Teaching data science students to tackle the “hard” technical problems

David Kofoed Wind
Peergrade
Published in
4 min readMar 27, 2016
Image from https://pixabay.com/

During my time as a student and now as a PhD student and lecturer within data science, I have noticed that students are surprisingly bad at dealing with real technical problems. What I am referring to here is that students that want to specialise in machine learning and data science know their way around the methods and theory of for example a neural network, but are unable to implement it efficiently themselves and execute it on a cluster, or even pull a working implementation from Github and install it.

What normally happens in a course at my university when teaching students about the K-means clustering algorithm, is that they are explained the theory of the algorithm and then provided with a pre-made MATLAB implementation where they are asked to vary the parameter K and observe what happens. With this approach, the students might get a thorough understanding of the algorithm — and maybe even some deeper theoretical insights — without getting bogged down by implementation details.

Image from http://www.vlfeat.org/overview/kmeans.html

The problems usually first surface when they are writing their master thesis, or when they get their first job after university. As a data scientist and even as a mathematician your primary task will often involve a lot of programming (especially mathematicians realise this too late). At this point, some students are for the first time presented with a really large dataset, the task to run their algorithms on a cluster or the problem of installing and modifying a library hosted on Github.

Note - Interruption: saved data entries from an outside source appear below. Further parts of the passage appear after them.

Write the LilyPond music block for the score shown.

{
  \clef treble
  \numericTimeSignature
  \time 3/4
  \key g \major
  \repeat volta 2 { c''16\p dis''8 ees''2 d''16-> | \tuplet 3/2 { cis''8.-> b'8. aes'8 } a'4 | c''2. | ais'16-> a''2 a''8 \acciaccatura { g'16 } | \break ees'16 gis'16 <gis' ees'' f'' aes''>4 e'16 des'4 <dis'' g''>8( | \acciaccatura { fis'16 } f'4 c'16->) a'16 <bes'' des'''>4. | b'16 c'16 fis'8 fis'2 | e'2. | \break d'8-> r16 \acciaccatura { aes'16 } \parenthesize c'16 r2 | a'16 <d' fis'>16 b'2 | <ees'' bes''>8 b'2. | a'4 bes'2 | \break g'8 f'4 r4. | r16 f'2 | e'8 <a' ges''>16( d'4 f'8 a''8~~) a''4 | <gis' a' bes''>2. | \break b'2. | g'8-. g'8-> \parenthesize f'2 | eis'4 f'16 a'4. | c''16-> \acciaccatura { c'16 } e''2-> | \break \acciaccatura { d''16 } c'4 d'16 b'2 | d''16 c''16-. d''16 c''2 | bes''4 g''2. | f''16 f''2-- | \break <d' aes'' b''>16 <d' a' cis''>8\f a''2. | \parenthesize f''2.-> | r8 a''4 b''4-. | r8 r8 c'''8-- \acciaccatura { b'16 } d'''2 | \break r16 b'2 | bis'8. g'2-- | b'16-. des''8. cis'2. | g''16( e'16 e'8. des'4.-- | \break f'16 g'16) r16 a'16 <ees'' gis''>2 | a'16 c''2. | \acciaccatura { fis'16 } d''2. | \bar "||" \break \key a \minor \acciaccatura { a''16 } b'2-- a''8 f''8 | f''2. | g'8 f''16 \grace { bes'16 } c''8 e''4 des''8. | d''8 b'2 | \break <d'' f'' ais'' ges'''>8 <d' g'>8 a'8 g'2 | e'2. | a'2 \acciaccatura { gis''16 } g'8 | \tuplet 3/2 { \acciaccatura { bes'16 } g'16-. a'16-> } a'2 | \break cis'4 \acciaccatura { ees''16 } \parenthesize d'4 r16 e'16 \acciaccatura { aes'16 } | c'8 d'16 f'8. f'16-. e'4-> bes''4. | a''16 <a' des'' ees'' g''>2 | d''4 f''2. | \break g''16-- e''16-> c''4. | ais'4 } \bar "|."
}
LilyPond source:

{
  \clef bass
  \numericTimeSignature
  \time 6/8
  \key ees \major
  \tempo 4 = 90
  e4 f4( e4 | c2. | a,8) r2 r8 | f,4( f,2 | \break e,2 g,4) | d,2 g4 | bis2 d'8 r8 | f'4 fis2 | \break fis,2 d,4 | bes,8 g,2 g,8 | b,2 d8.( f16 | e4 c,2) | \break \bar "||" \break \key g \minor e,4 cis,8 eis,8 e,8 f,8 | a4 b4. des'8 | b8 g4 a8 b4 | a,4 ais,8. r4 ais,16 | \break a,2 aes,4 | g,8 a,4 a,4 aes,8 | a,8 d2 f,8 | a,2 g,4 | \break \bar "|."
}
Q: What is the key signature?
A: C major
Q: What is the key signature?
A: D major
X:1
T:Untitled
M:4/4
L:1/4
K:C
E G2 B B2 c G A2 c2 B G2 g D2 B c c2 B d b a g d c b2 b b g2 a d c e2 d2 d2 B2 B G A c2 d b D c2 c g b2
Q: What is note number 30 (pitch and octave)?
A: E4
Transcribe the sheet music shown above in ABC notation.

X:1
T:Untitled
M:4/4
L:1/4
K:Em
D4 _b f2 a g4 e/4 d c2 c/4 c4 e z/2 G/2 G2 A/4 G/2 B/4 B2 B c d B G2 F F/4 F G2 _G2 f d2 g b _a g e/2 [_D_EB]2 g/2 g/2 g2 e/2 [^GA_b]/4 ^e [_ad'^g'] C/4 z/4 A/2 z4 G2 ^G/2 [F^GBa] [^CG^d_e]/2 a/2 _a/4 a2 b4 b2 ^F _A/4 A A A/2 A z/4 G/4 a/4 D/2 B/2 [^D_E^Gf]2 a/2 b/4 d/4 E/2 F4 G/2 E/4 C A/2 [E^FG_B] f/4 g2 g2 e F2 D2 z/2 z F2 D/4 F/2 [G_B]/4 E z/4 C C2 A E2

When teaching my own course Computational Tools for Big Data, the agenda for the first week is UNIX, Git and Amazon EC2. During this week I ask the students to learn a range of UNIX-commands for working with files, how to use Git for version control and how to set up and run stuff on a virtual machine at Amazon. I ask them to solve actual problems with real files in their terminals (and if they use Windows, they need to start by learning SSH to get a terminal on the cluster), to create and use their own repositories on Github and to launch a free instance on Amazon EC2 (including setting up RSA-keys and other stuff) and get stuff to run on it.

By letting the students get a true experience of what it requires to launch a virtual machine on Amazon and clone a repository from Github to it, I hope that they will be more comfortable doing this on their own in the future. From my own experience, a large fraction of time as a data-scientist is not spend on model-selection, but on grunt-engineering tasks such as merging branches in git, installing libraries, optimising database queries and processing files in the terminal.

In later weeks they are asked to install and work with PostgreSQL, MongoDB, Vagrant and various Python libraries. They are also asked to use data files from previous competitions on Kaggle.com which are stored in the JSON-format to make sure they have not only seen CSV-files when they graduate as engineers.

Some of the subjects in my course are unfortunately still too much for all students to handle — this includes setting up an Apache Spark cluster and getting Caffe to run for training convolutional neural networks. For this we currently provide them with a Vagrant-file where the libraries are installed. I would love to get away from this, but the assistant teachers should not spend 99% of their time debugging weird system errors on student laptops. Hopefully we will find a better solution in the future.

--

--